*** Block opens ***
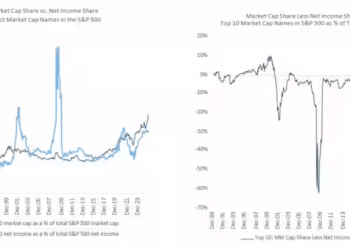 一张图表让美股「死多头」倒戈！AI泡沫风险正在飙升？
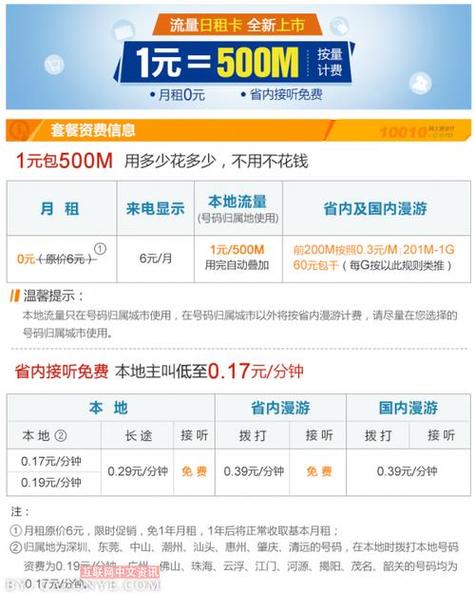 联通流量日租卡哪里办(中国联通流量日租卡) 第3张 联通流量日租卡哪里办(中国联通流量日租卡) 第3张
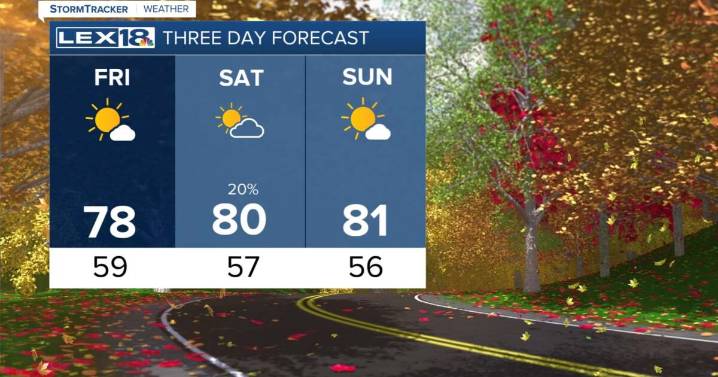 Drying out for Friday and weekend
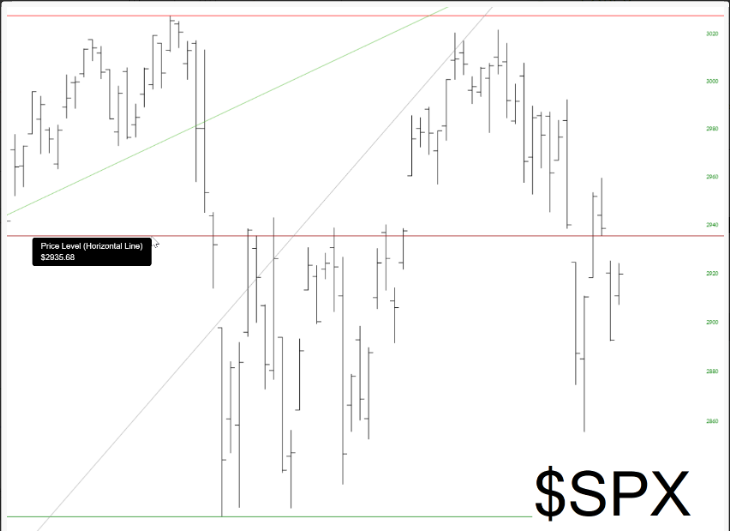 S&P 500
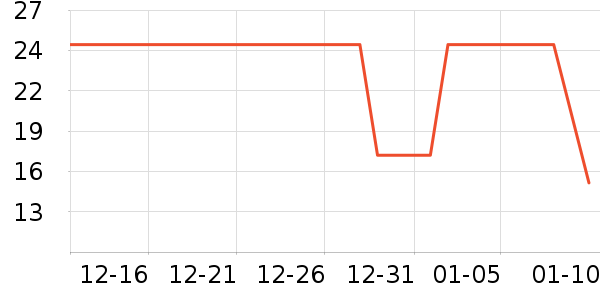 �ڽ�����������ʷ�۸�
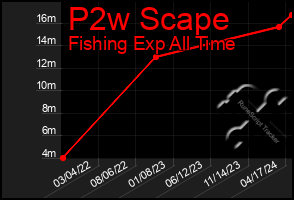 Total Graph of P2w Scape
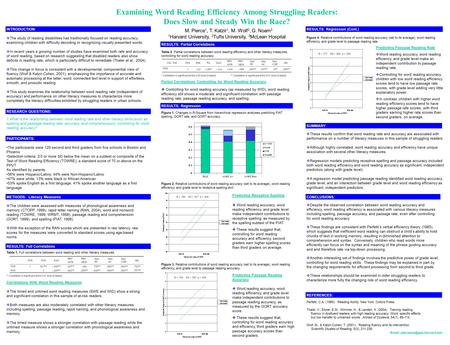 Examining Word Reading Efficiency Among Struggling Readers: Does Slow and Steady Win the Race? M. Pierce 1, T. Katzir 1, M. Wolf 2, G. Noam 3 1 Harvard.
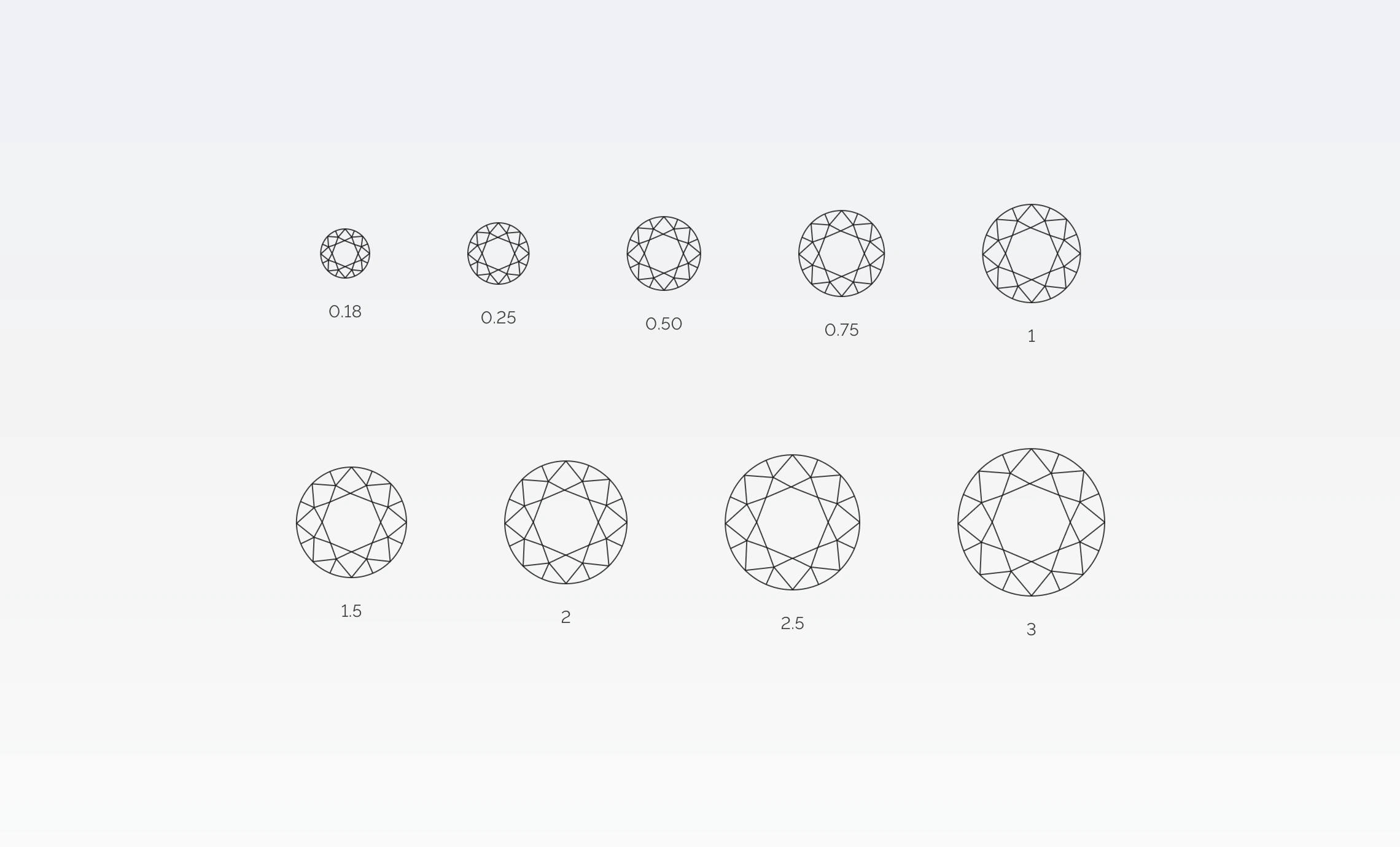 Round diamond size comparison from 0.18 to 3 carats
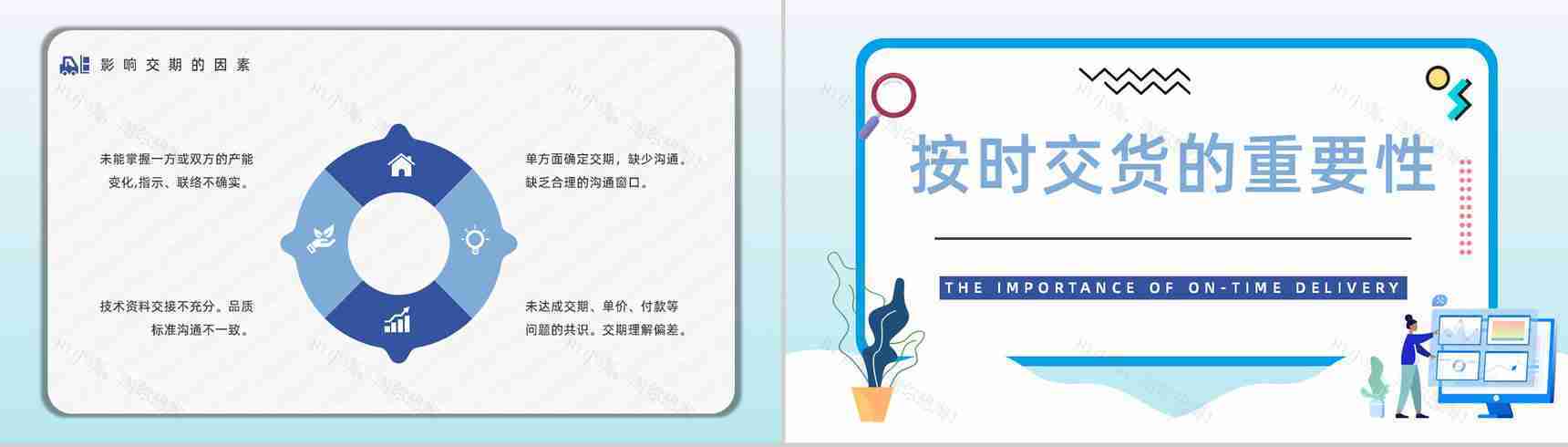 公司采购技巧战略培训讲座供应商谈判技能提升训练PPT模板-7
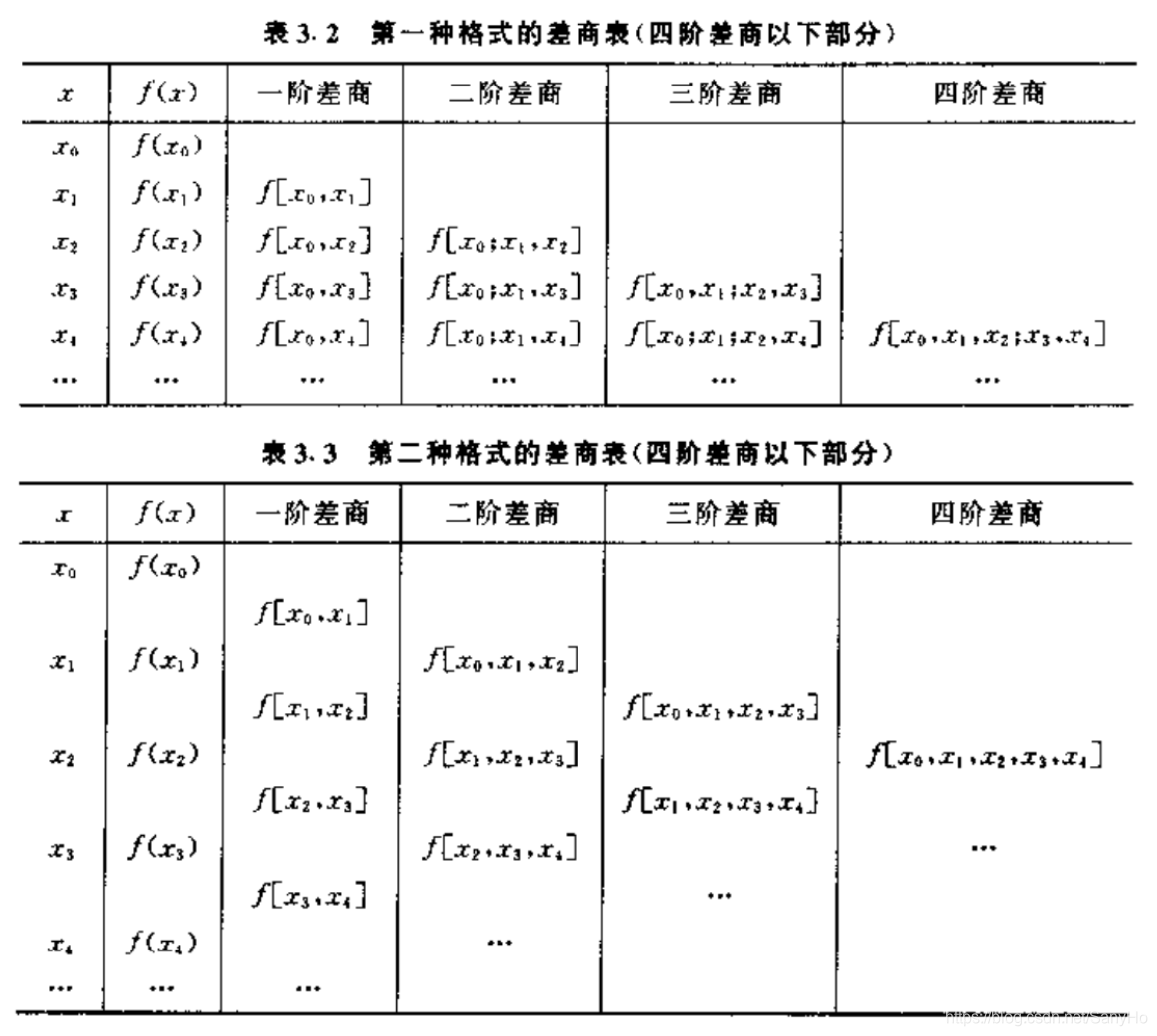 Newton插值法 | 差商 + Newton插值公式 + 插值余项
*** Block closes ***
-- Work instruction --
Restate all of the material word for word. Keep out every picture.

-- Reply to the task --
 一张图表让美股「死多头」倒戈！AI泡沫风险正在飙升？
 联通流量日租卡哪里办(中国联通流量日租卡) 第3张 联通流量日租卡哪里办(中国联通流量日租卡) 第3张
 Drying out for Friday and weekend
 S&P 500
 �ڽ�����������ʷ�۸�
 Total Graph of P2w Scape
 Examining Word Reading Efficiency Among Struggling Readers: Does Slow and Steady Win the Race? M. Pierce 1, T. Katzir 1, M. Wolf 2, G. Noam 3 1 Harvard.
 Round diamond size comparison from 0.18 to 3 carats
 公司采购技巧战略培训讲座供应商谈判技能提升训练PPT模板-7
 Newton插值法 | 差商 + Newton插值公式 + 插值余项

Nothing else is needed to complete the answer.